Doch jedem französischen Beobachter war klar, dass die Deutschen nicht wirklich mitgespielt hatten. Schließlich gab es keine Zahlen, wie groß besagter Haushalt im Jahr 2021 sein solle. Mehrere hundert Milliarden Euro hatte Macron verlangt. Wenige Dutzend Milliarden hatte die Kanzlerin ihm zugestanden und dabei blieb es am Dienstag wohl auch. "Macron kann damit sein Gesicht wahren", analysierte Sebastien Maillard, Leiter des pro-europäischen Jacques-Delors-Instituts in Paris. "Aber um bei Europawahlen gut abzuschneiden, braucht er mehr."
Dieses Mehr aber lieferte ihm Merkel am Dienstag auf ganz andere, unerwartete Art.

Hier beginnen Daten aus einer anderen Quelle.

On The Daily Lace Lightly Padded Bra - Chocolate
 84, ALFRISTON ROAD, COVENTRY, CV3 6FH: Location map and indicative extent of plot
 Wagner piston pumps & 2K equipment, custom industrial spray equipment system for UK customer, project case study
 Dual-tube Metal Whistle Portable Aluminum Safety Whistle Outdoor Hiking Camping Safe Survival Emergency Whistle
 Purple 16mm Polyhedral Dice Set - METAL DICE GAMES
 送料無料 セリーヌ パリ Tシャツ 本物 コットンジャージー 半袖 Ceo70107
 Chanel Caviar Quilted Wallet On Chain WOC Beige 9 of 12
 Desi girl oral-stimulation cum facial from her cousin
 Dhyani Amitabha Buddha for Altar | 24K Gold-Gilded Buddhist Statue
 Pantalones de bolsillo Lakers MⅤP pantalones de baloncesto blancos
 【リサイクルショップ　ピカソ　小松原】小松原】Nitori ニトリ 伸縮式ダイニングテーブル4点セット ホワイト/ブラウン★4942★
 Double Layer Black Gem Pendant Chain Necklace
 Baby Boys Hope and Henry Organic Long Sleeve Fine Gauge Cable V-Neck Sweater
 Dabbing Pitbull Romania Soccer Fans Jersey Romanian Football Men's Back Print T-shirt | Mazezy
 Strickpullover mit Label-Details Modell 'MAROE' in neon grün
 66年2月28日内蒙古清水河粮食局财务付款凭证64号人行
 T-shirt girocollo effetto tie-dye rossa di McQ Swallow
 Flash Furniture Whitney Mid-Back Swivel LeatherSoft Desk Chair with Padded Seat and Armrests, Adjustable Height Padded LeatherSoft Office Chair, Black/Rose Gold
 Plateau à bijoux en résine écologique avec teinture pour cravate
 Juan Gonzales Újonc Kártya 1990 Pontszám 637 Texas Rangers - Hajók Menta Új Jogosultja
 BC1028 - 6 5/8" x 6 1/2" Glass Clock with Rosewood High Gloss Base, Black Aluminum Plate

Zum ersten Mal seit vielen Jahren stand sie nicht als die übermächtige Deutsche neben einem schwachen Franzosen. Zum ersten Mal schienen die Rollen wieder gleich verteilt, so wie früher zum Beispiel zwischen Gerhard Schröder und Jacques Chirac. Beiden hatte einst US-Präsident George W. Bush geholfen, gemeinsam Kurs gegen den Irakkrieg zu halten. "Heute schüttet Trump das Öl in den deutsch-französischen Motor", sagte nun Maillard.
Tatsächlich hat inzwischen auch die französische Öffentlichkeit mitbekommen, dass sich US-Präsident Donald Trump die Kanzlerin und ihre Flüchtlingspolitik zur Zielscheibe erkoren hat. Klar war am Dienstag deshalb auch: Macron steht in der Flüchtlingspolitik zu Merkel. In den Abend-Talkshows im französischen Fernsehen ging es deshalb hoch her. Dort ist Merkels Flüchtlingspolitik oft nicht weniger umstritten als auf dem Trump-Sender Fox News in den USA. "Merkel hatte unrecht, 2015 die Grenzen zu öffnen", sagte die französische Star-Moderatorin Ruth Elkrief und fragte: "Aber sind wir deshalb auf der Seite von Trump?" Es war eine rhetorische Frage. Die Antwort der französischen Fernsehrunden lautete dann doch eindeutig: Natürlich nicht.
Im Hintergrund dieser Debatten spielte eine ganz neue deutsch-französische Musik. Ihre Melodie: Wir gegen den Rest der Welt. "Der Motor läuft wieder", sagte Maillard und meinte damit ein sich neu einstellendes Gefühl, dass Deutsche und Franzosen gegen Trump und seine populistischen Verbündeten in Europazusammenhalten müssten. Zu der Stimmung trug am Dienstag auch der italienische Innenminister und Lega-Chef Matteo Salvini bei, der die Zählung von Roma und Sinti in Italien gefordert hatte. Ein Unding nach deren Verfolgung durch die Nazis, auch für die meisten Franzosen. Dabei neigen sie bei europäischen Fragen, etwa in der Wirtschaftspolitik, eigentlich mehr zu Italien als zu Deutschland. Doch mit Leuten wie Salvini geht das plötzlich nicht mehr.
Schon vor ein paar Wochen hatte der Pariser Schriftsteller Pascal Bruckner, einer der meistübersetzten französischen Autoren der Welt, mit Blick auf die deutsch-französischen Beziehungen bemerkt, dass gemeinsame Feinde die besten Freunde machen. Das ist es wohl, was Merkel und Macron aus Sicht vieler Franzosen plötzlich so überraschend einig erscheinen lässt.